I'm a product of above-average Mid-Western public schooling and upper-middle-class means who sought out to find a life less ordinary.
The first movie I ever memorized was White Christmas; the first stage production I ever saw was Up With People; oddly, musicals--not so much my bag.
In high school, theatre was more of a clique than a craft, and I already had a clique, so I wasn't interested. I reveled in the lure of entertainment, but I couldn't see a pathway. It wasn't until my freshman year at The University of Wisconsin Oshkosh that I began to see the spark of the stage; the training of the theatre and the ether of the screen began to show relation. I transferred, then once more. San Francisco State served as my theatre bootcamp, but I credit the faculty of UNC Chapel Hill for my real "bread and butter" training--it was here that I began to unearth my heartbeat as an actor.
New York City is now my home, and maybe the only place that's ever truly felt that way.
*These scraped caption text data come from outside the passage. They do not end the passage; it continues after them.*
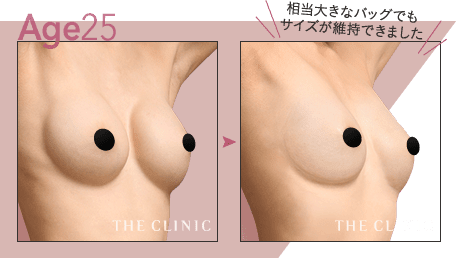 Age.25 相当大きなバッグでもサイズが維持できました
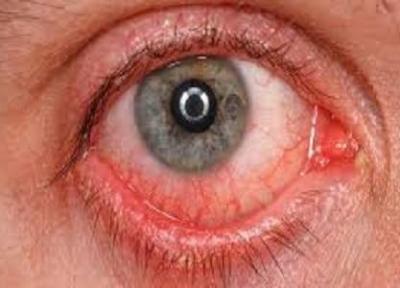 اشک چشم مبتلایان کرونا، آلوده به ویروس است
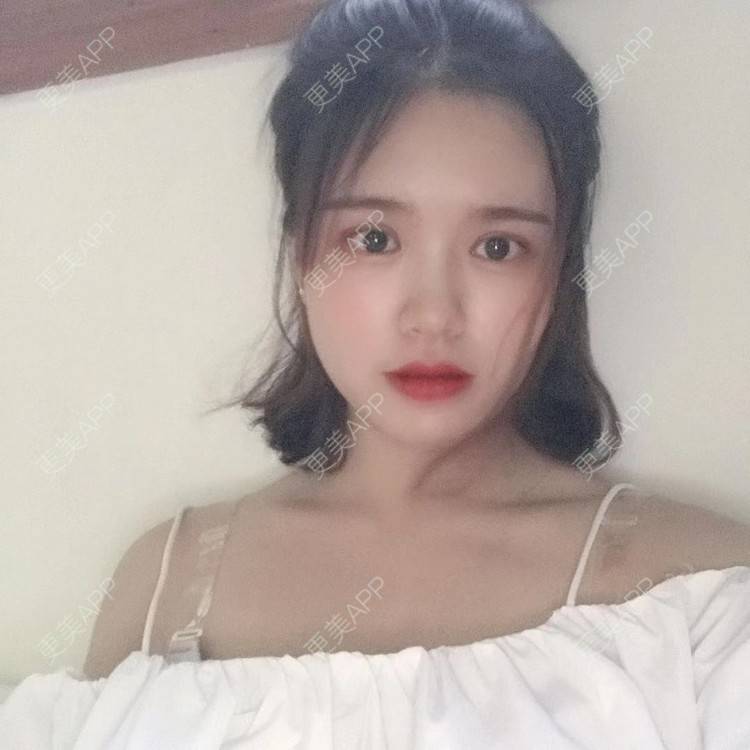 更美 - ︶ㄣ豬見愁℡恃的上眼睑去脂经验 | 上眼睑去脂 | 长沙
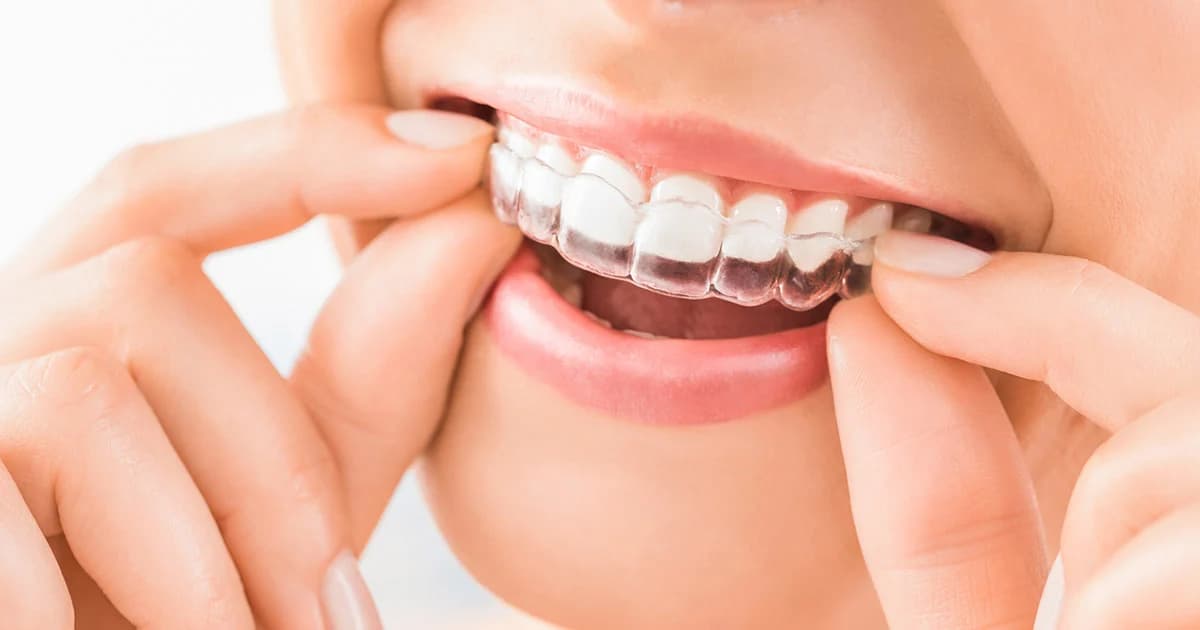 กฎใหม่ ‘ผลิตภัณฑ์ฟอกสีฟัน’ เป็นเครื่องมือแพทย์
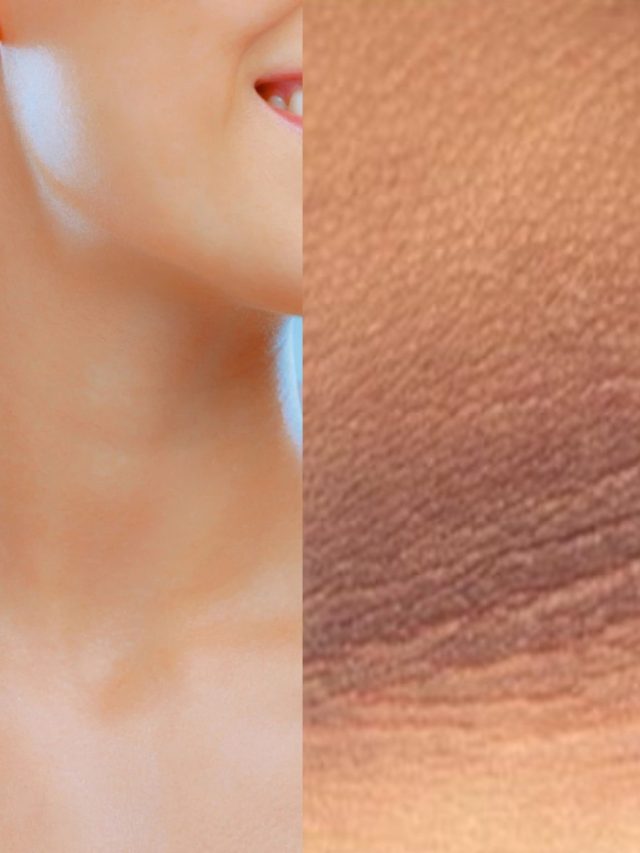 ঘাড় ও গলার কালো ছোপ? এই টোটকায় দূর হবে নিমেষে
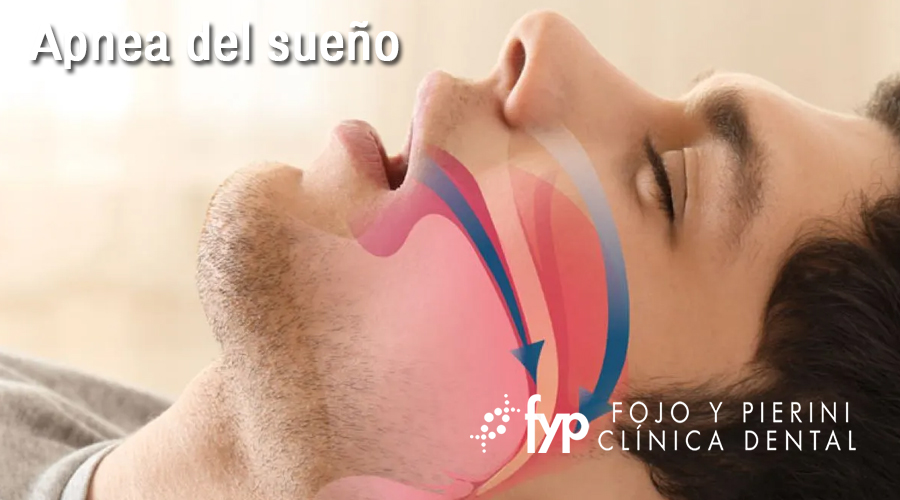 Apnea del sueño: tratamiento con férulas de avance mandibular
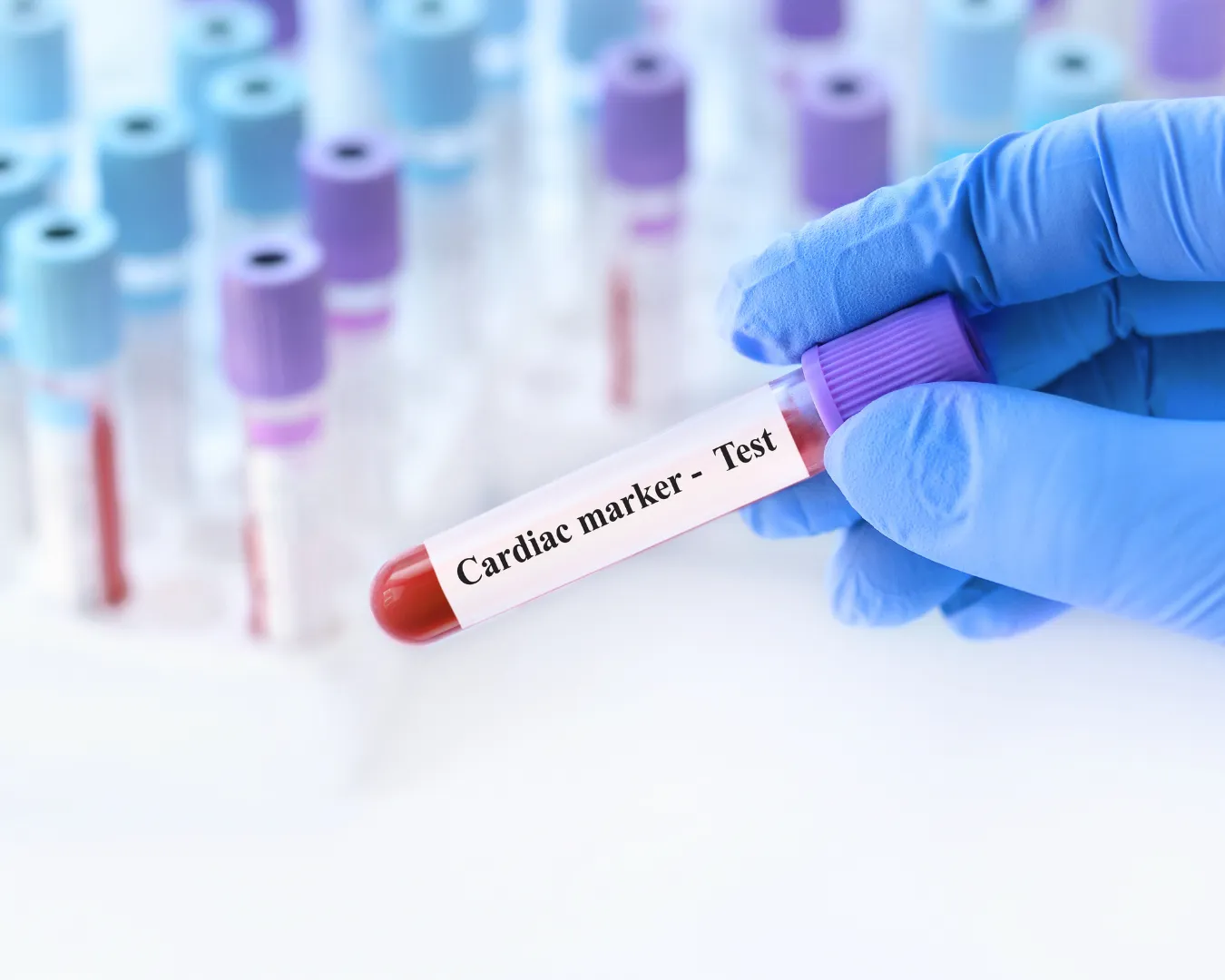 genomic-testing-photo-gallery-6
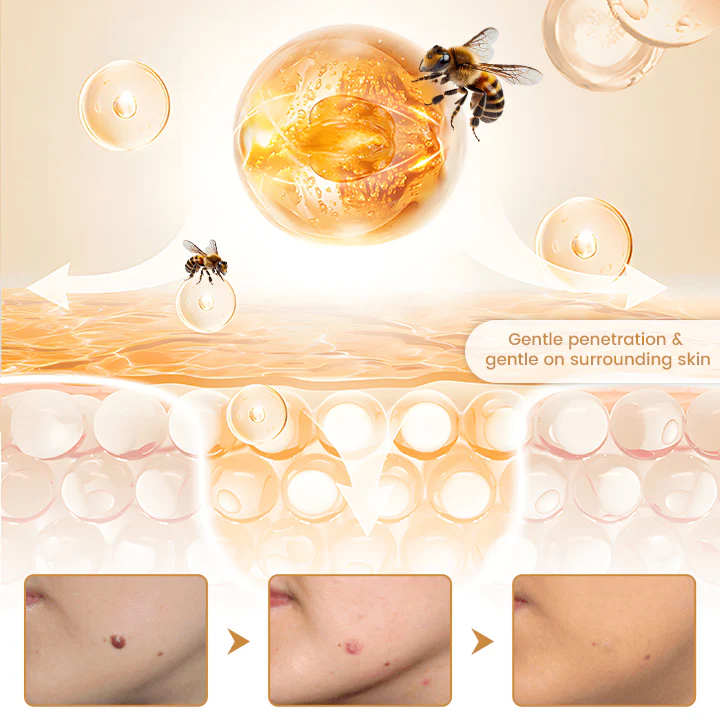 Biancat® BeeVenom Wart Drop Serum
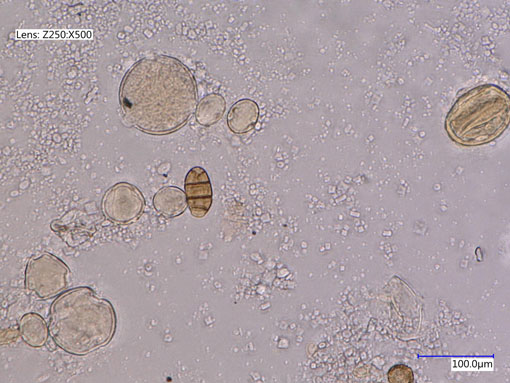 Diese Abbildung zeigt eine Mikroskopaufnahme von Pollen und einem braunen Pilzelement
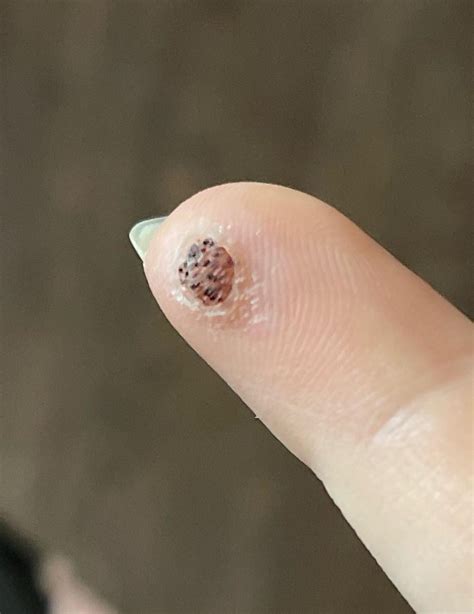 Dr froze wart two weeks ago, still have scab should i retreat or wait ...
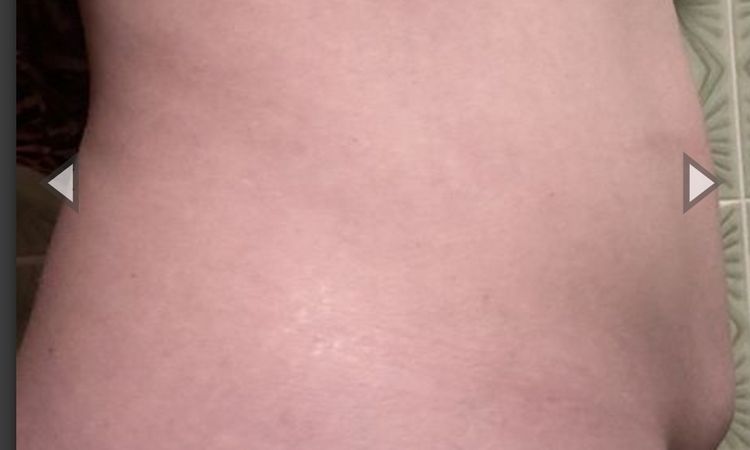 Abdominoplastika technikou dr.Scholze s liposukci bricha a boku,prip.zad - 76030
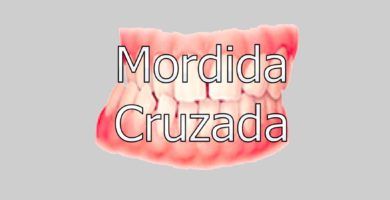 mordida-cruzada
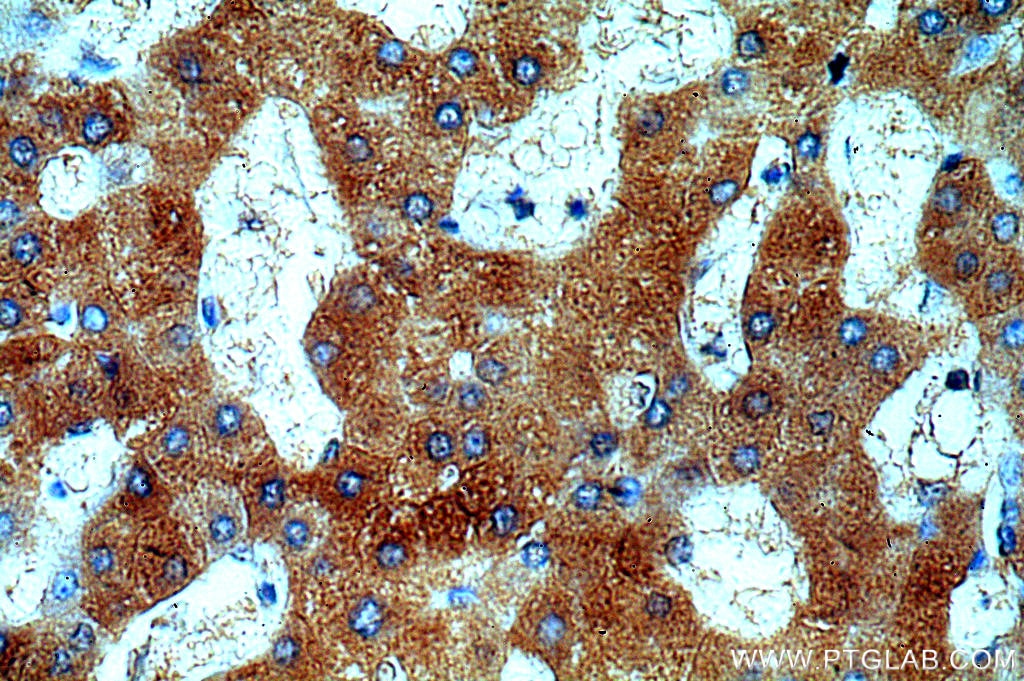 Immunohistochemistry (IHC) staining of human hepatocirrhosis tissue using UCP2 Polyclonal antibody (11081-1-AP)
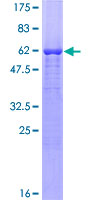 ab163781 on a 12.5% SDS-PAGE stained with Coomassie Blue.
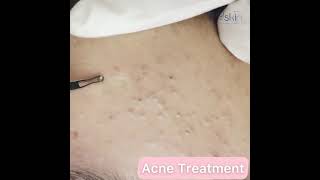 Comedone Extraction Acne Treatment [upl. by Hofstetter968]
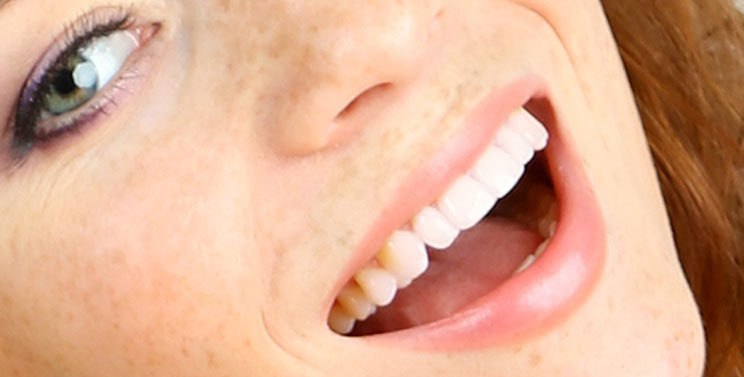 NITROUS (LAUGHING) GAS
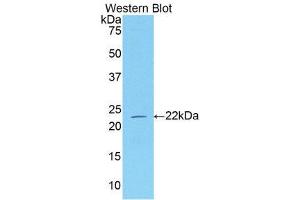 Western Blotting (WB) image for anti-Neuropilin 1 (NRP1) (AA 645-821) antibody (ABIN1173426) (Neuropilin 1 抗体  (AA 645-821))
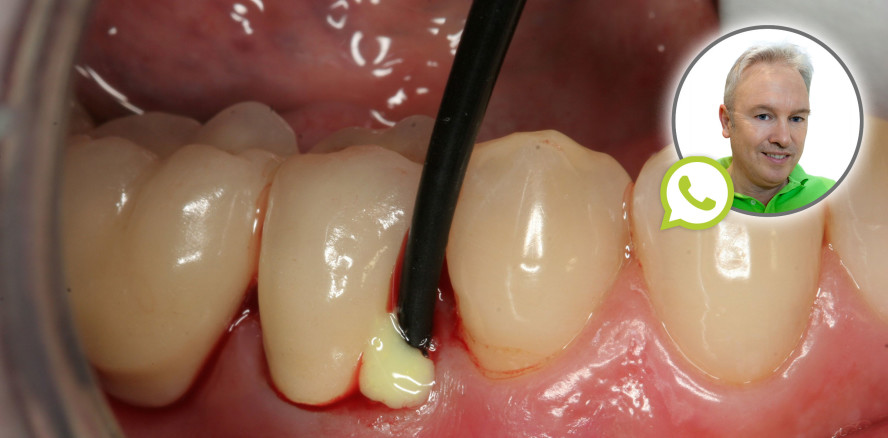 Neue Antworten vom Experten: ASK DOC PARO!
I've found serenity here--a village-like solace within the melange of chaos.
What draws me to a piece could be a number of things, what keeps me away is a detection of bullshit.
It's worth mentioning that I'm an athlete--a runner most notably--and though I'll never make an Olympic team or buy a house with it, I'm good enough to say I do it (just because you run doesn't mean you're a runner). And the wisdom I've gathered throughout my miles of trials applies on the regular to the rest of my world.
Perseverance is paramount, as it is the only power that is perpetually mine.
"The essential thing in life is not so much conquering as fighting well."